FORT WORTH –– A yearslong investigation by a Tarrant County Sheriff’s Department task force to help has found that nearly 240,000 vehicles are using illegal or invalid inspection stickers throughout its jurisdiction.
The numbers are nearly as noxious as the fumes from the cars that remain on the road despite being unable to pass an emissions test.
"We estimate conservatively 20 percent are either fraudulent, counterfeit or fictitious," says Tim Canas, commander of the Tarrant County Sheriff’s task force. "Before we started doing the enforcement on it, none of us knew how big this problem was. How big a criminal enterprise it is. It is huge.”
Until now, the Emissions Enforcement Task Force has run under the radar since its formation two years ago. Officials are now revealing results. They busted nearly 40 inspection shops, netting 77 arrests. About $80,000 in cash has been seized as well as 57 cars and equipment used to inspect vehicles.

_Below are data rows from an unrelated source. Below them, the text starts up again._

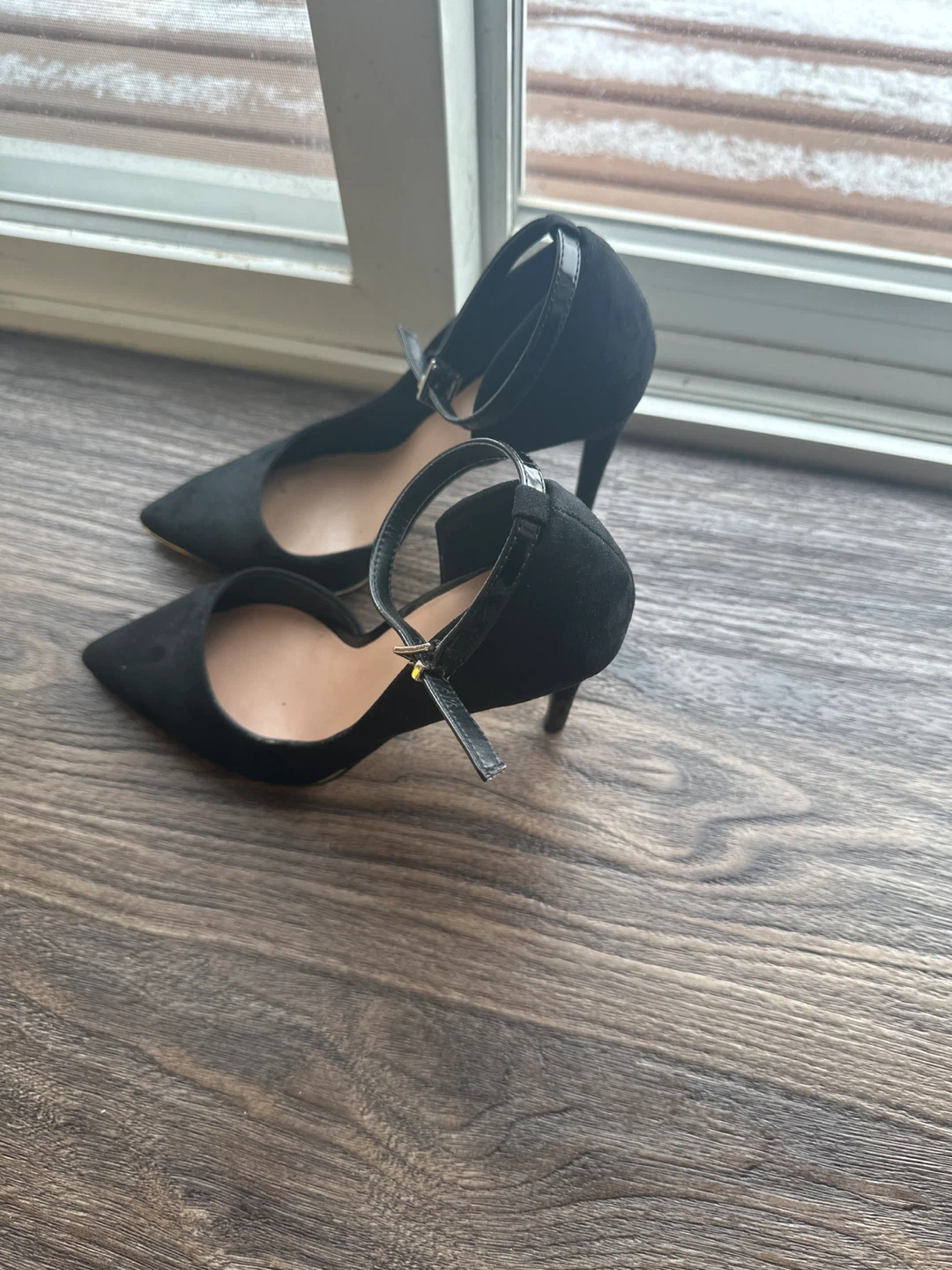 Call it Spring Women’s Pumps - photo 2
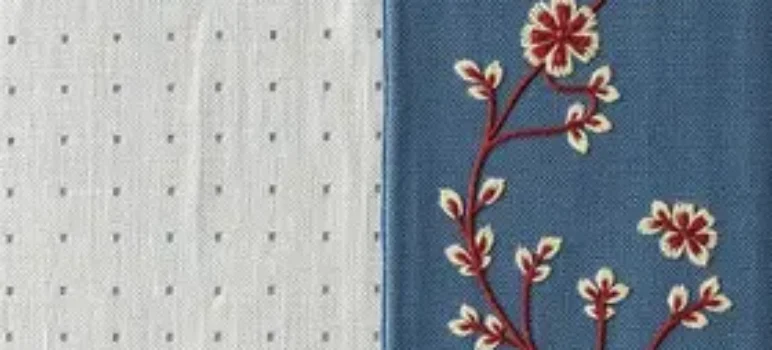 sashiko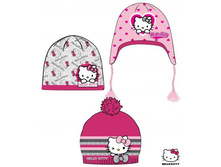 Girls-hello-kitty-�������-�����-large-14833.jpg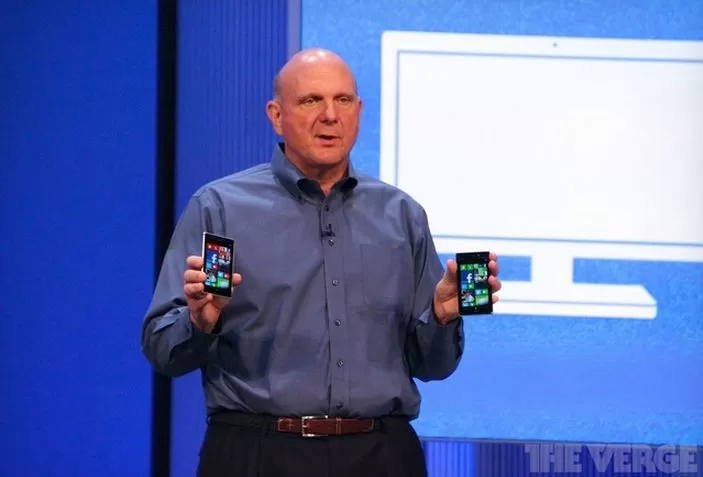 New Picture 3 | NOKIA | <!--:TH--></noscript>ดีลช๊อกโลก Microsoft ประกาศเข้าซื้อกิจการฝ่ายผลิตอุปกรณ์และบริการของ Nokia แล้ว มีผลไตรมาสแรกปี 2014!!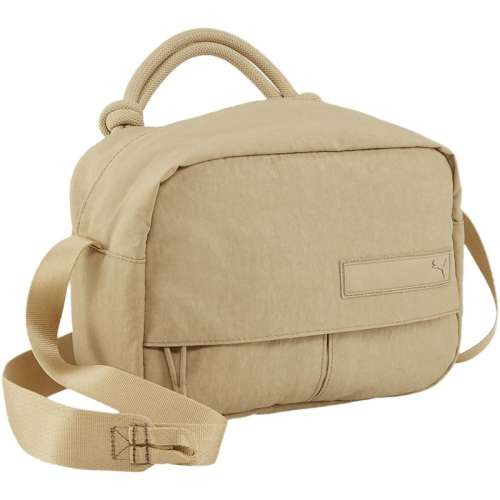 ۻ㣺6PU09039602  ӪPUMAŮ˶б090396-02851.2Ԫ4(212.8Ԫ/88VIP 95)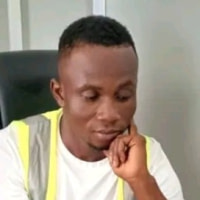 Ble ives-Landry  DIGBEU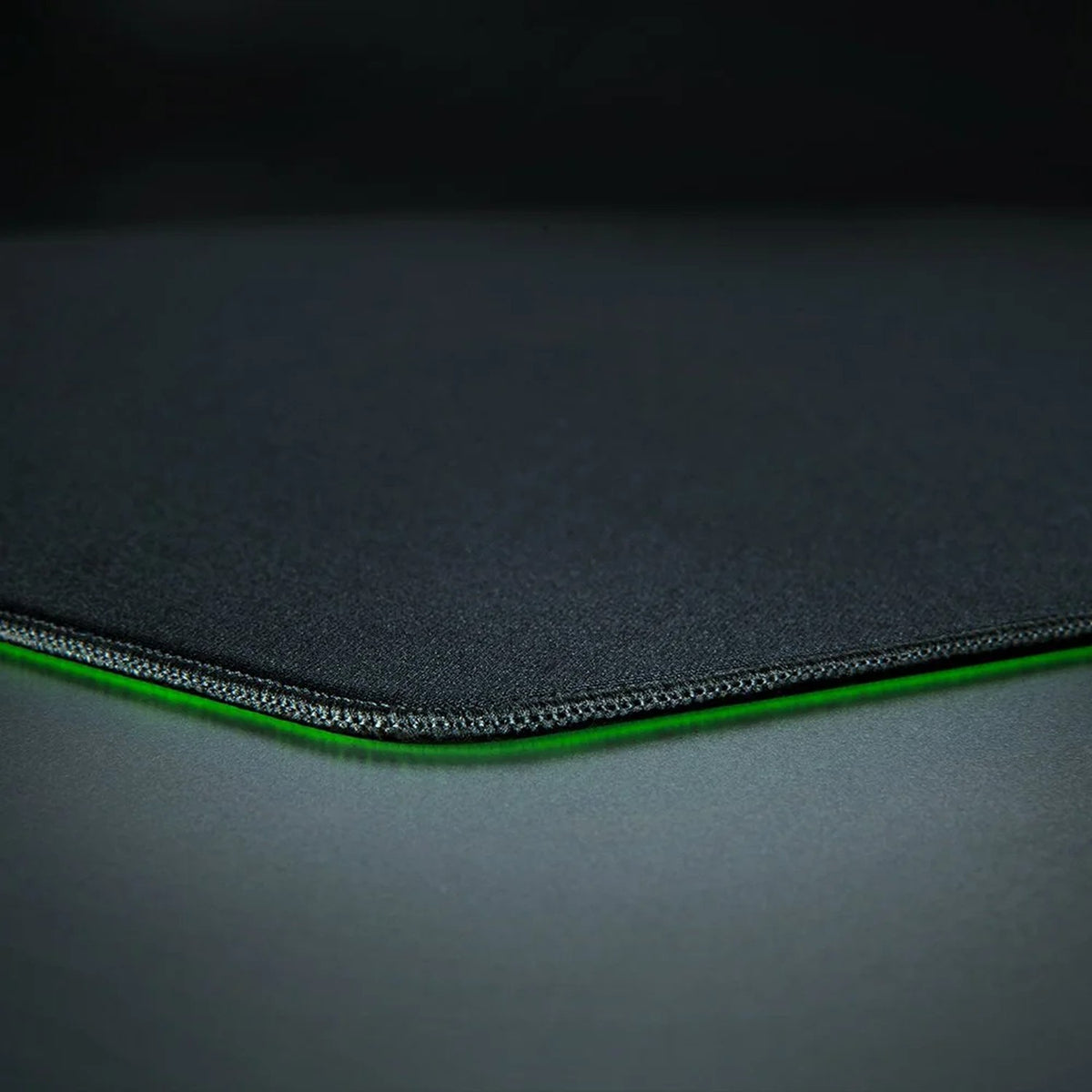 משטח לעכבר Razer Gigantus V2 Pro Large – תמונה 3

"There are 35 analyzers we've seized with our warrants," said Canas, standing amid dozens of confiscated machines at a county impound lot.
Canas said they expected to find crooks printing fake stickers, which has been a problem in other counties. Instead, they found shops hooking analyzers to surrogate clean cars to pass for dirty ones.
Investigators raided three used car dealers for allegedly using the system to put stickers on clunkers to be sold to unsuspecting customers. Canas says the dealers accounted for most of the fraud.
Suspects are being charged with felonies, including tampering with a government document and organized crime.
Investigators say the goal is not to catch crooks, but to clear the air.